Not surprisingly, tales of bribery and vote buying have accompanied the nomination of delegates to the congress and their registration since weeks. It almost seems that the winner will be the one who was better in pulling the strings. For those aware of the survival abilities of Jacob Zuma this is not of much comfort, given his talent to literally laugh off any form of threat to his kleptocratic running of the office. It therefore is also of concern that just now the most draconian state of emergency laws are in the pipeline, which would allow the head of state far-reaching executive powers to act again in his own interest alone.  As president Zuma declared in the opening speech to the congress, after the end of Apartheid

“we had to implement more radical measures to realize the injunction of the Freedom Charter that the People Shall Share in the Wealth of the Country or alternatively, we had to accept that it would forever remain a dream.”

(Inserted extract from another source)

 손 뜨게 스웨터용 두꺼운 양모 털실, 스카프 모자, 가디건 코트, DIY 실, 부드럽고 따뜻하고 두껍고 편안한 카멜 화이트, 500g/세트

The outcome of the conference will impact on the party’s further course and most likely also on Zuma’s future. But the promise and dream of emancipation from the colonial yoke for the benefit of the ordinary people through a former liberation movement now in power will remain just like elsewhere in the sub-region an empty promise and dream. The conference will therefore not solve the party’s problems, and not those of South Africa. As diagnosed by Eusebius McKaiser:

“Whoever wins this weekend, the country will remain in trouble for a while yet.” 


Henning Melber is Senior Research Associate of the Nordic Africa Institute and currently the Van Zyl Slabbert Visiting Professor at the University of Cape Town.